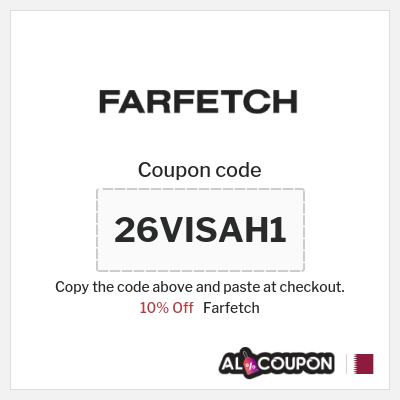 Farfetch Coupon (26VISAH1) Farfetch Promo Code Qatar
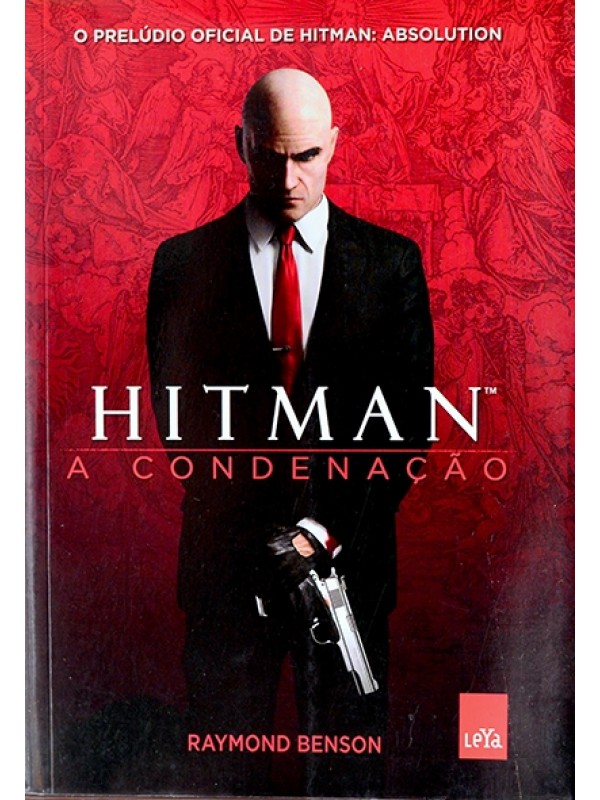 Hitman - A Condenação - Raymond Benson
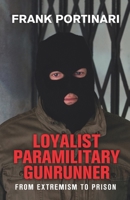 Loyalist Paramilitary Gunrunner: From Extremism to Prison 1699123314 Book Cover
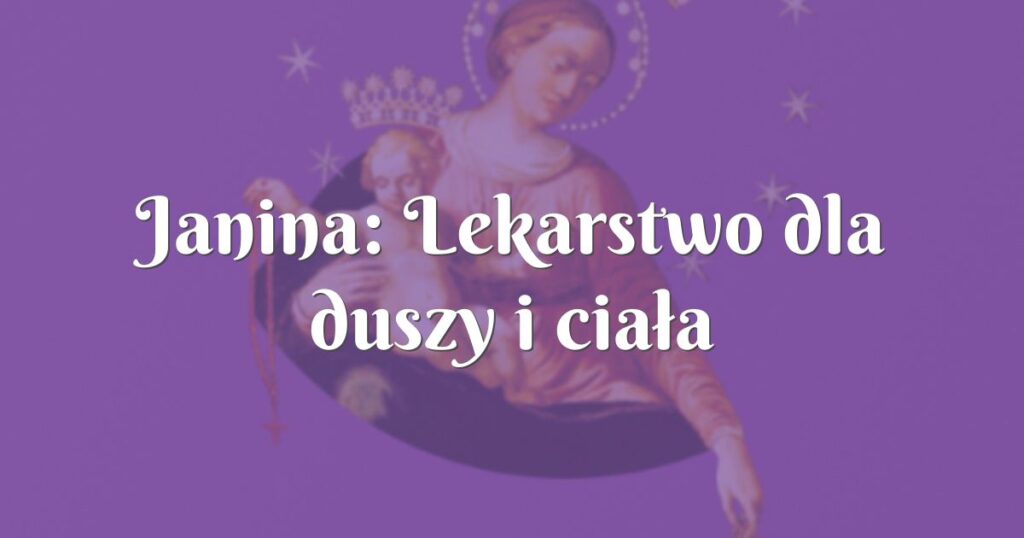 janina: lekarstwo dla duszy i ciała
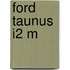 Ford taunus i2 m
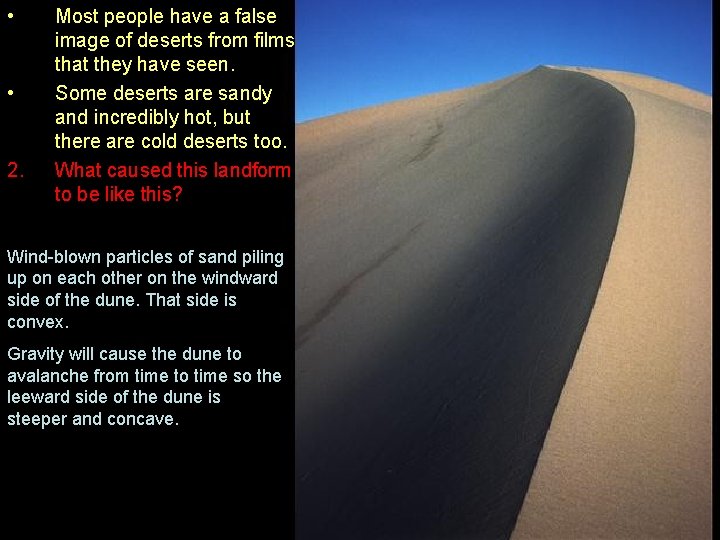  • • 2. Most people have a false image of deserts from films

::::::::

Repeat verbatim the lines from the one holding "janina: lekarstwo dla duszy i ciała" through the end of the listing above, both ends included, but not the pictures.

## [RESPONSE AREA]
 janina: lekarstwo dla duszy i ciała
 Ford taunus i2 m
  • • 2. Most people have a false image of deserts from films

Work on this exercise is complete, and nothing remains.